* WHAT IS REQUIRED *
Begin with the line below holding "Original Abstract Floral" and go on through the line holding "Miroir sur pied", duplicating each line exactly and leaving out pictures.

** Opening DATASET RECORDS block **

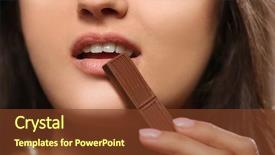  Presentation with taste - Beautiful PPT theme featuring loving chocolate woman bites bar to enjoy the taste close up backdrop and a tawny brown colored foreground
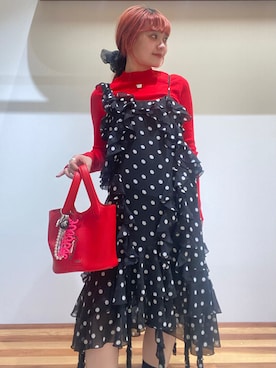 「アイテム（その他ヘアアクセサリー）」を使った、FURFURさん（レディース・154cm）の秋コーディネート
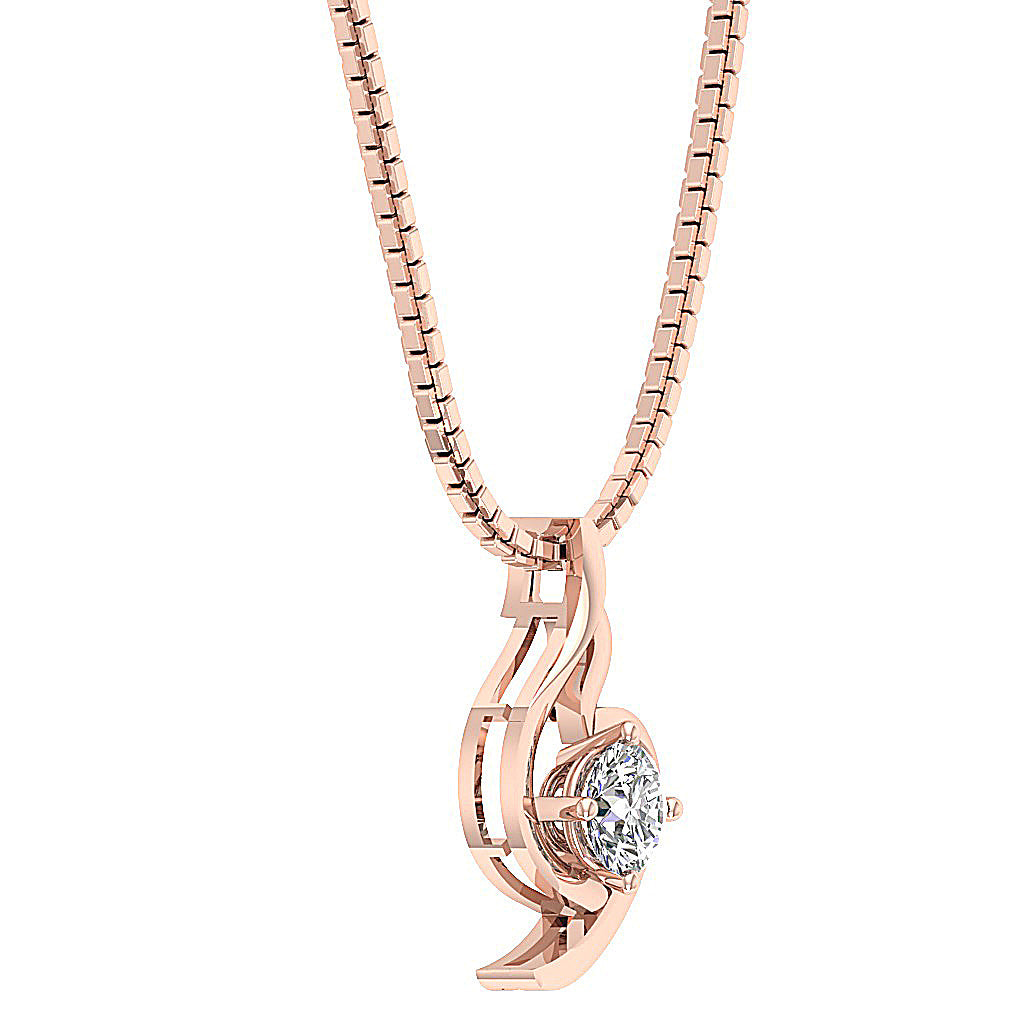 14kRoseGoldNaturalCutDiamondPendantsProngSet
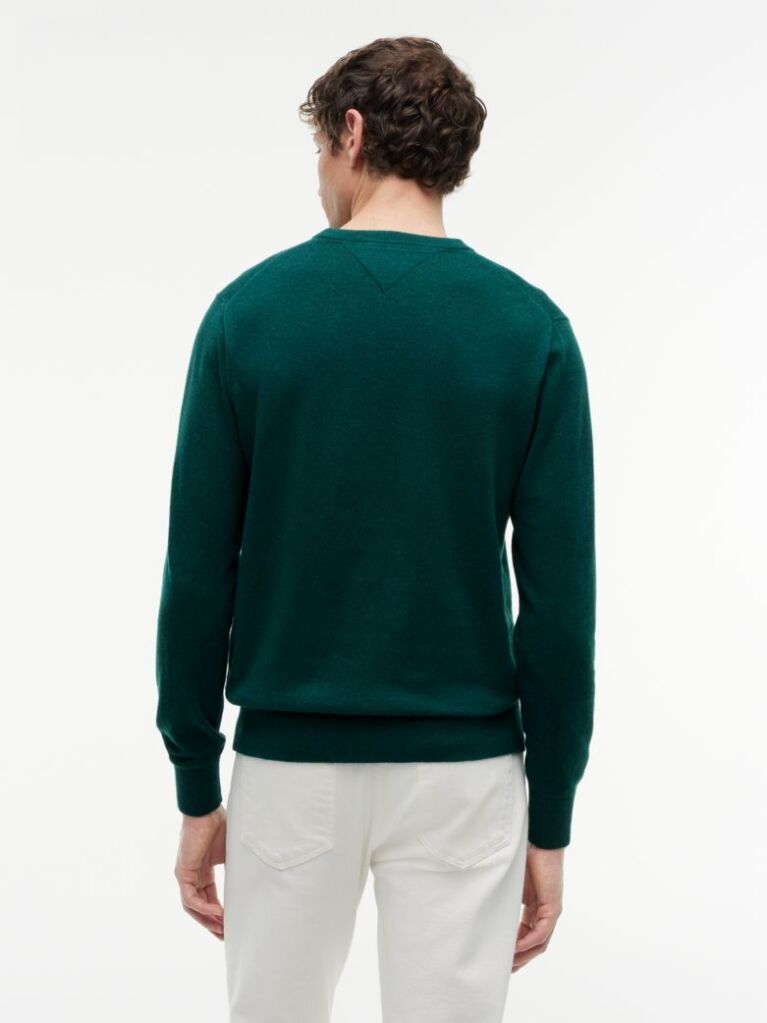 Green Cotton Cashmere Crew Neck Jumper  Men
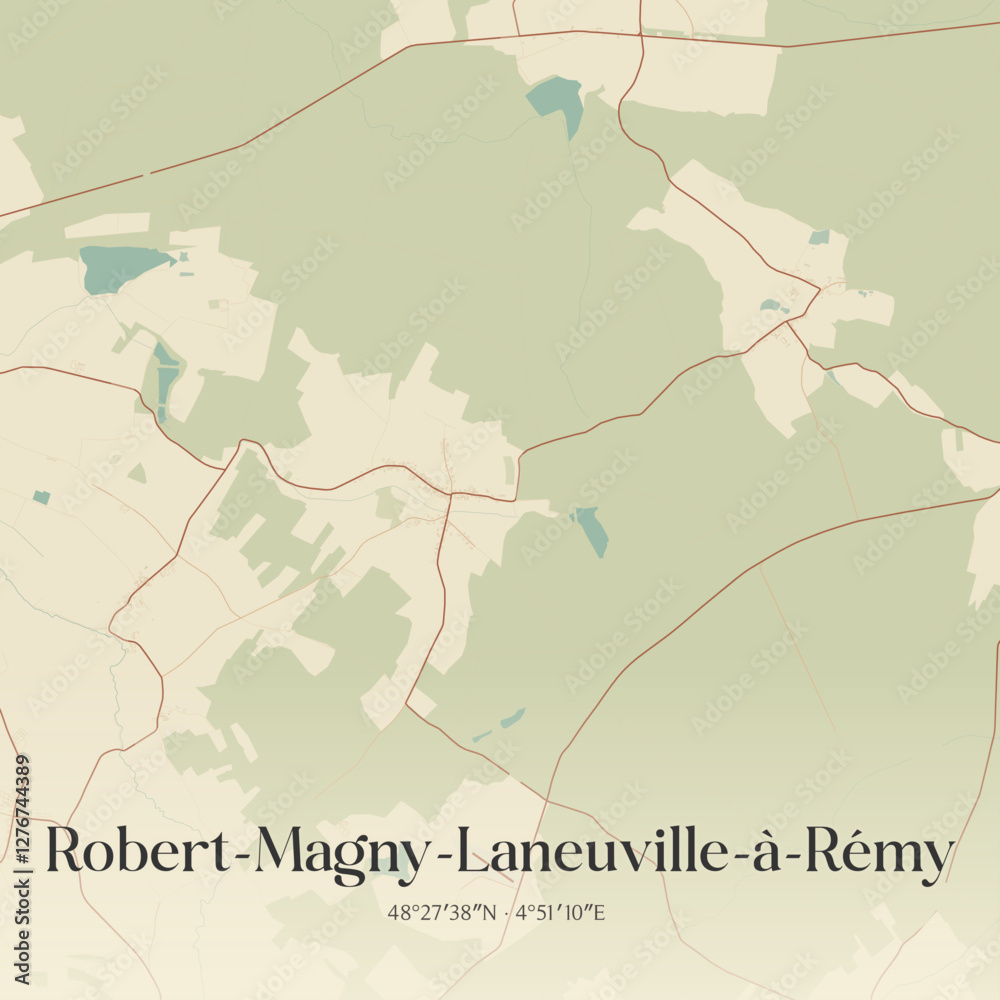 Obraz premium Vintage map of Robert-Magny-Laneuville-à-Rémy, France.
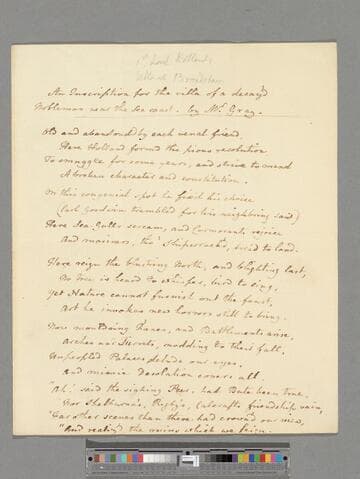 Gray, -----. An Inscription for the villa of a decay'd Nobleman near the Sea coast: [a poem in 6 stanzas of 4 lines each]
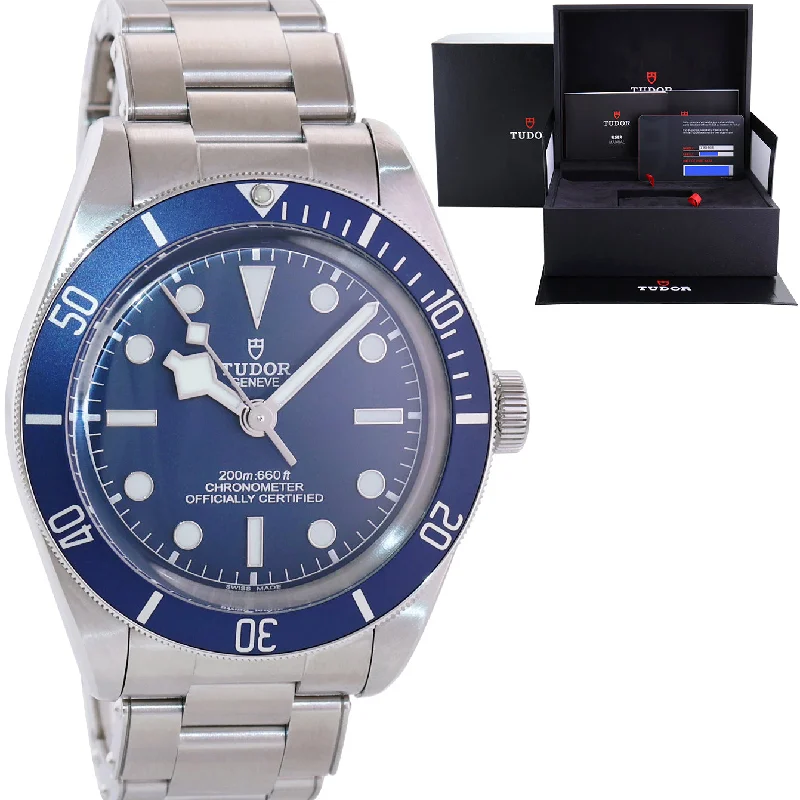 Waterproof sports wristwatches-NOV 2024 PAPERS MINT Tudor Black Bay Fifty-Eight 79030B Steel Blue 39mm BB58 Watch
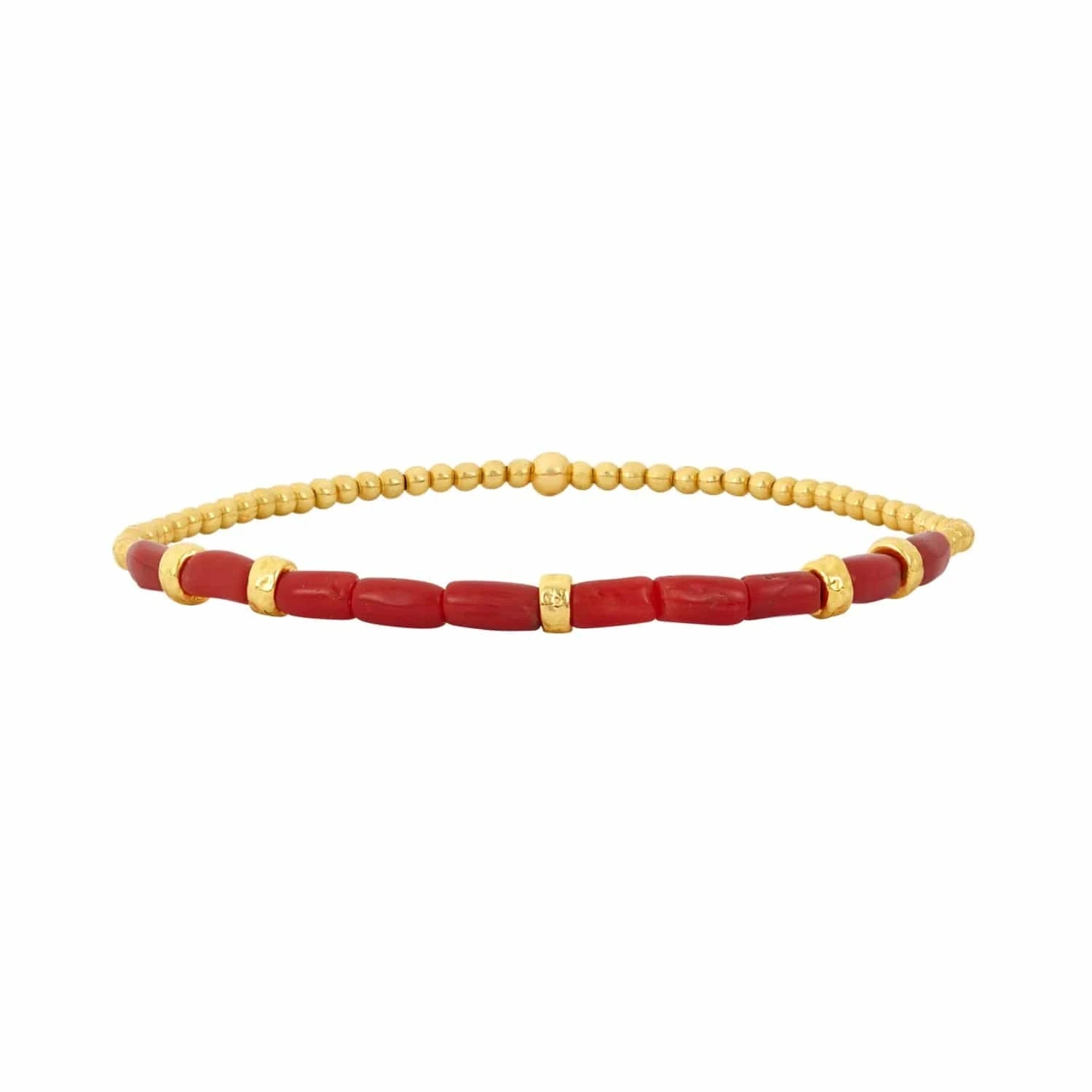 Karen Lazar BRACELETS 2mm Barrel Coral Bracelet with Hammered Rondelles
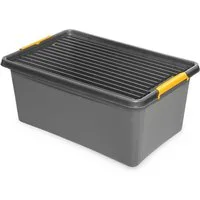 Kreher Aufbewahrungsbox 'Solid Box' aus Kunststoff mit Deckel und Rollen (Set/Volumen wählbar) (1 St)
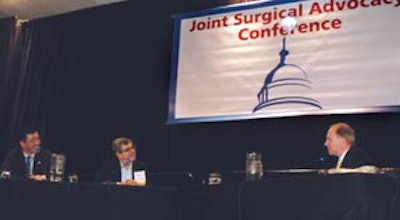 Dr. Steve Levine (center) participated in the Mock Congressional role-playing with former Rep. Steve Buyer (right).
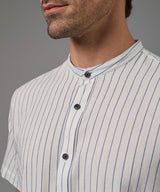 CAMISA MANGA CORTA CASUAL LOOK LINO CUELLO NERU CLASSIC FIT AZUL A RAYAS PV26
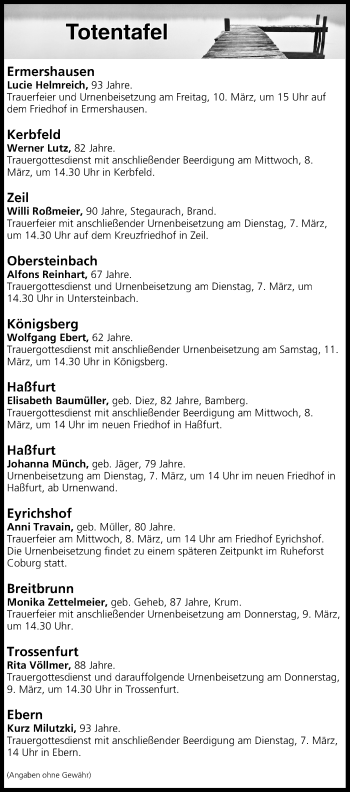 Anzeige von Totentafel vom 07.03.2017 von MGO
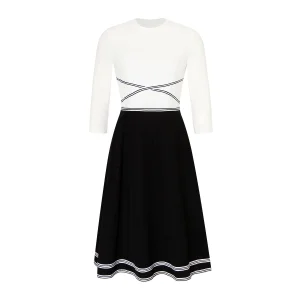Custom Wholesale Clothing Ruffles a Line Midi Dress Classic Vintage Luxury Formal Korean Office Wear Dress for Women Elegant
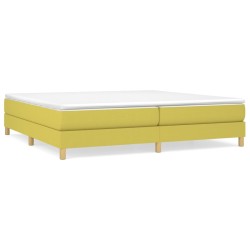 vidaXL Cama box spring con colchón tela verde 200x200 cm
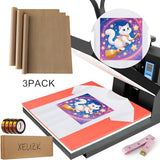 XEUZK Sublimation Shirts Tool Pink Kit With 8T Shirt rulers, 3Pack Teflon Sheet for Heat Press 12 x 16in, Heat Resistant Gloves & Silicone Bumps, 4Rolls Heat Resistant Tape& Tape Dispenser Sublimation XEUZK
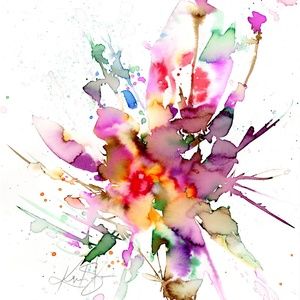 Original Abstract Floral Watercolor Painting - Floral Grandeur 1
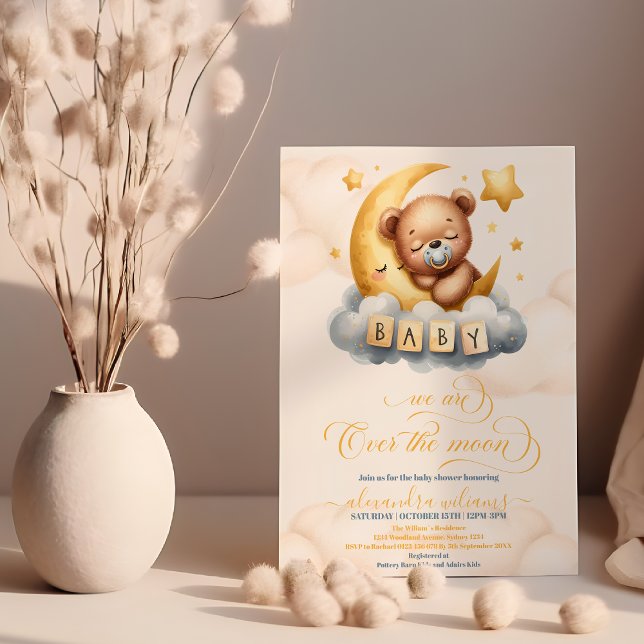 Guld över Måne Nalle Baby Shower Inbjudningar (Skapare uppladdad)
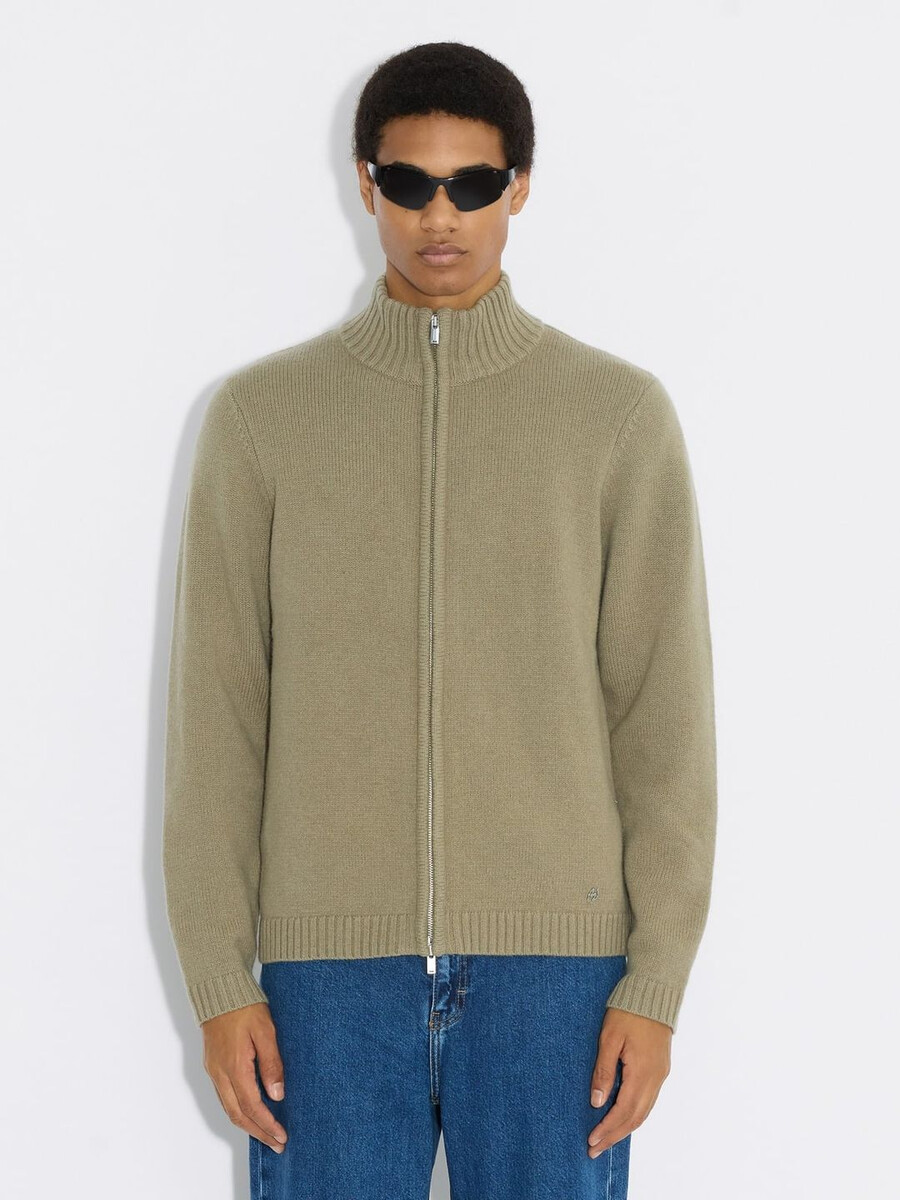 wollstrickjacke mit reißverschluss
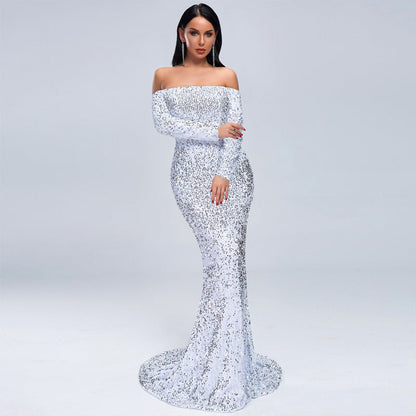 Sequins Party Dress With Strapless Long Sleeves White / S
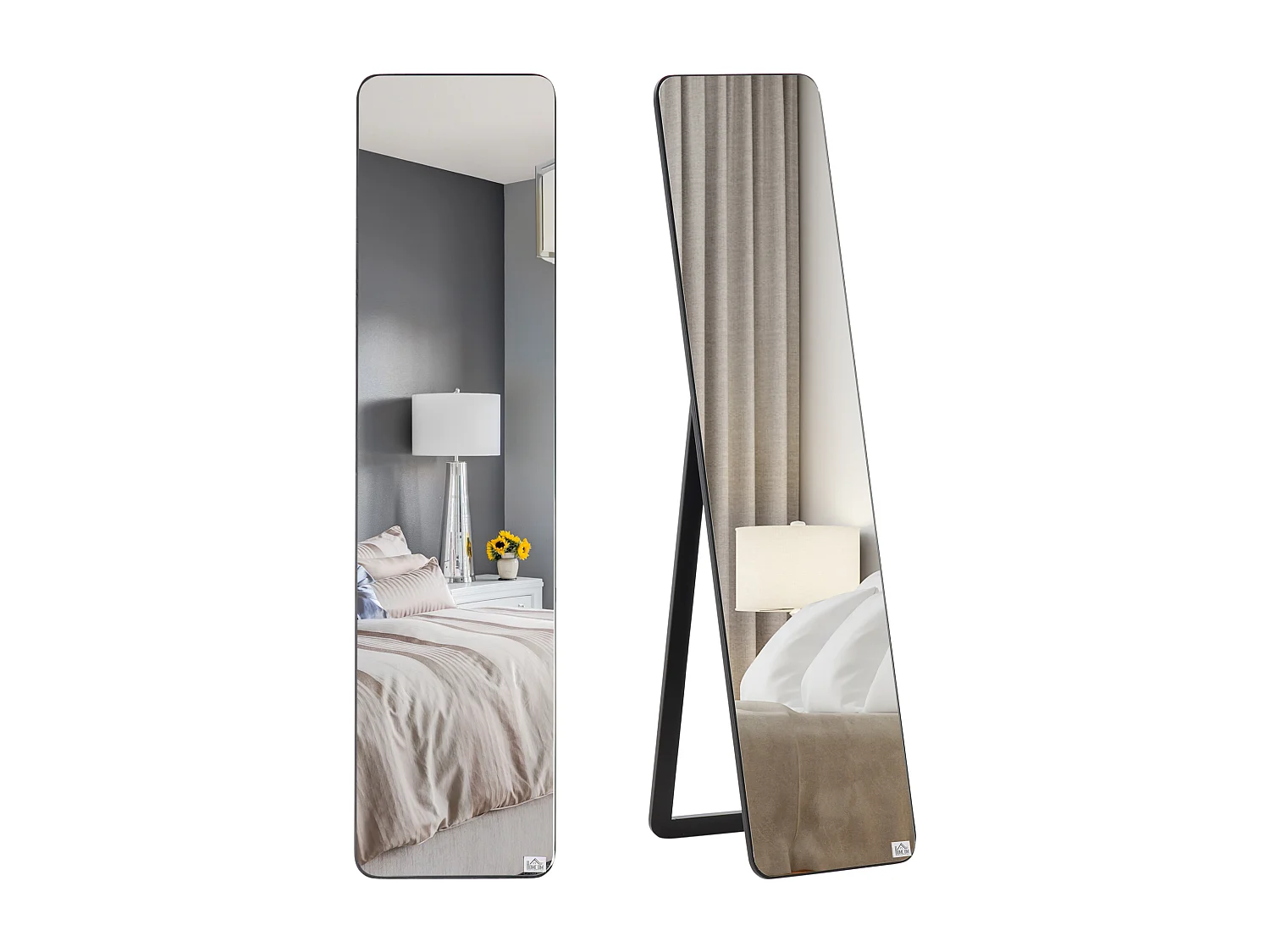 Miroir sur pied et mural rectangulaire dim. 37L x 43l x 156H cm verre MDF noir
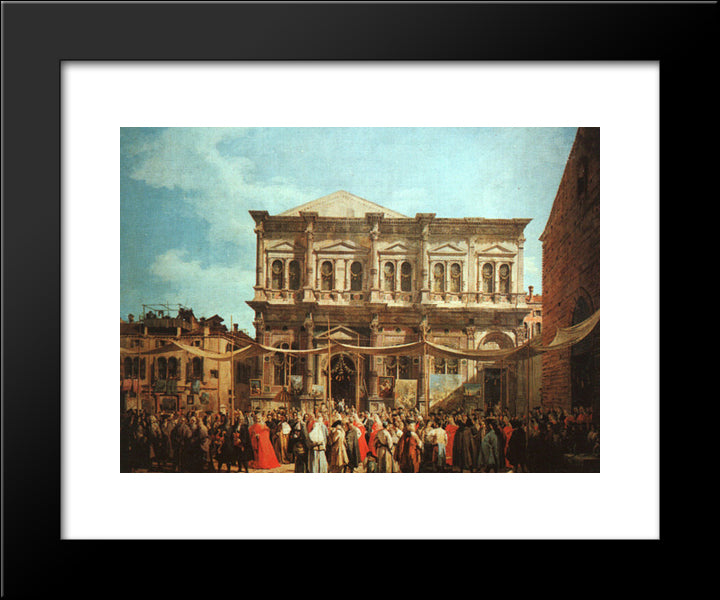 The Feast Day Of St Roch 20x24 Black Modern Wood Framed Art Print Poster by Canaletto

** Closing DATASET RECORDS block **

* EXERCISE OUTPUT *
 Original Abstract Floral Watercolor Painting - Floral Grandeur 1
 Guld över Måne Nalle Baby Shower Inbjudningar (Skapare uppladdad)
 wollstrickjacke mit reißverschluss
 Sequins Party Dress With Strapless Long Sleeves White / S
 Miroir sur pied et mural rectangulaire dim. 37L x 43l x 156H cm verre MDF noir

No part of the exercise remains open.